***** EXERCISE DATA

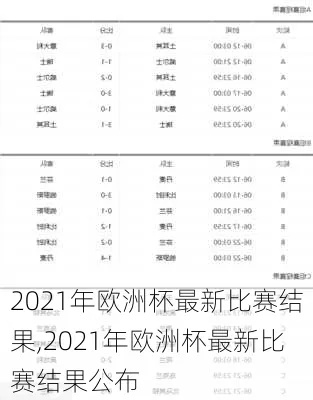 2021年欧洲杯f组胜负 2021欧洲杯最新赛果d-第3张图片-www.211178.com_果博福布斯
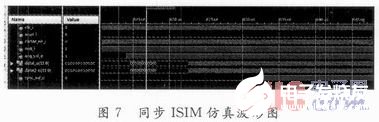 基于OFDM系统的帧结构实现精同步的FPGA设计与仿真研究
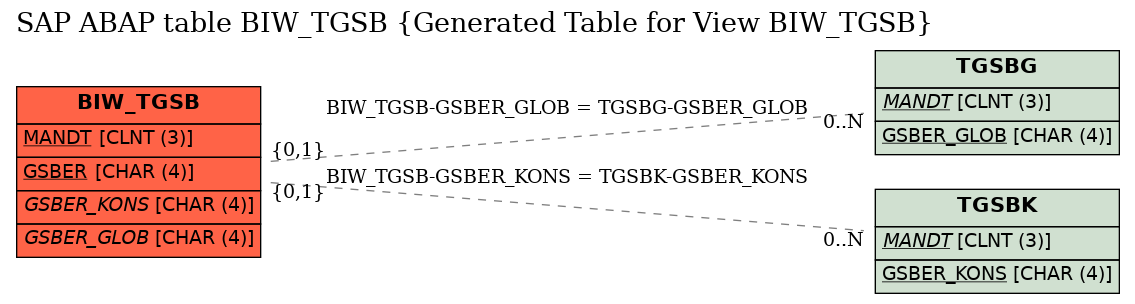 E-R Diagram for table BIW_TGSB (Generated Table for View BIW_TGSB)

**********
***** EXERCISE DATA

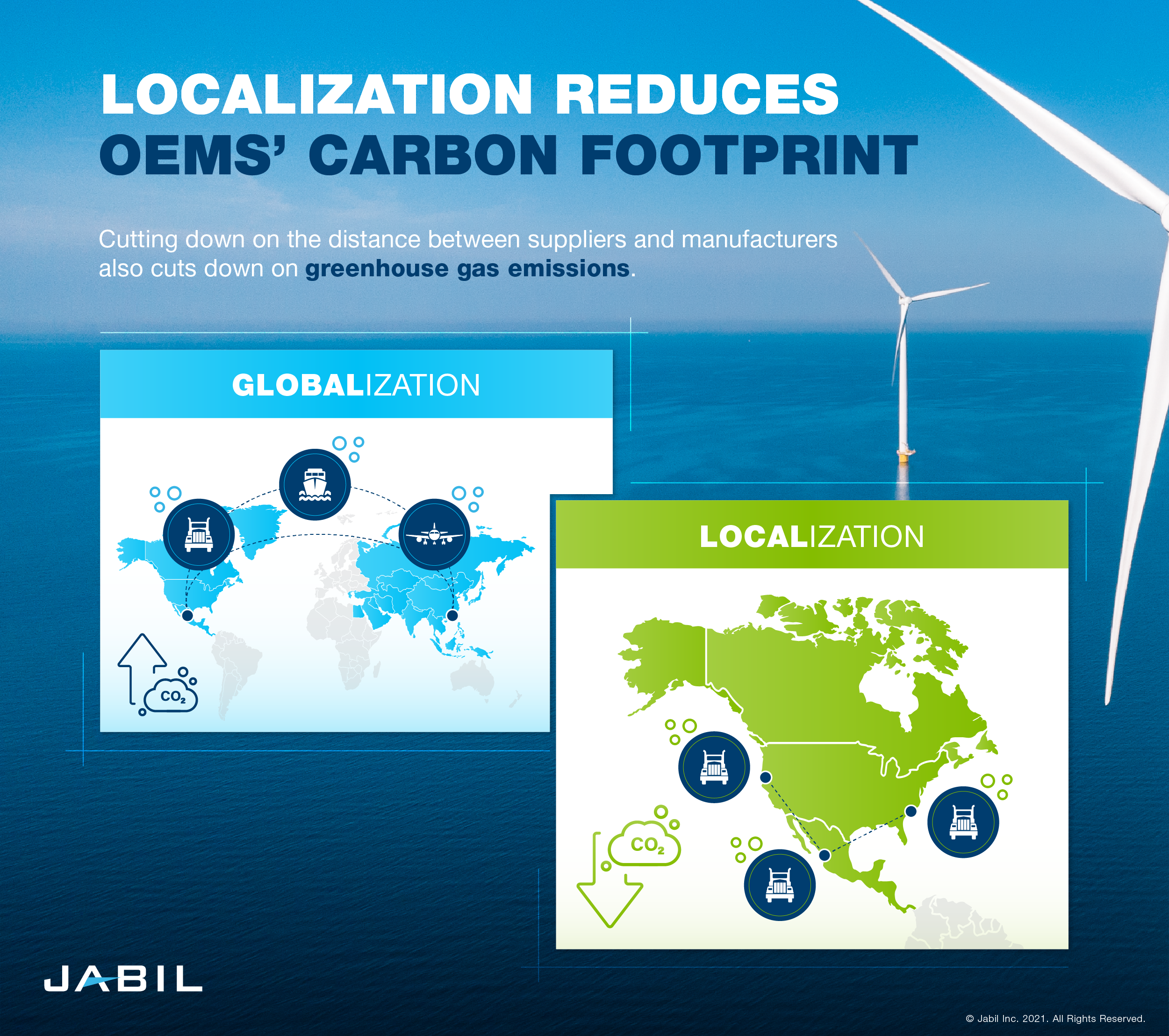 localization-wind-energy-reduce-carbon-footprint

**********
***** EXERCISE DATA

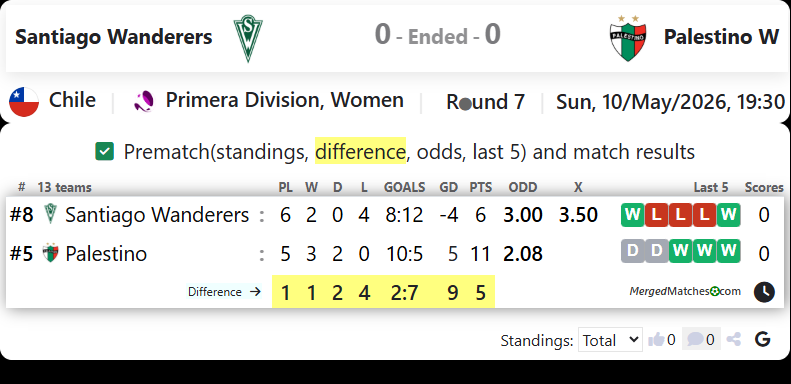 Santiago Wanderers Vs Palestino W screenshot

**********

§ EXERCISE DESCRIPTION:
Would you restate, exactly and with no pictures, the lines of the entries above from the one containing "2021年欧洲杯f组胜负 2" through the one containing "E-R Diagram for"?

§ SOLUTION BELOW:
 2021年欧洲杯f组胜负 2021欧洲杯最新赛果d-第3张图片-www.211178.com_果博福布斯
 基于OFDM系统的帧结构实现精同步的FPGA设计与仿真研究
 E-R Diagram for table BIW_TGSB (Generated Table for View BIW_TGSB)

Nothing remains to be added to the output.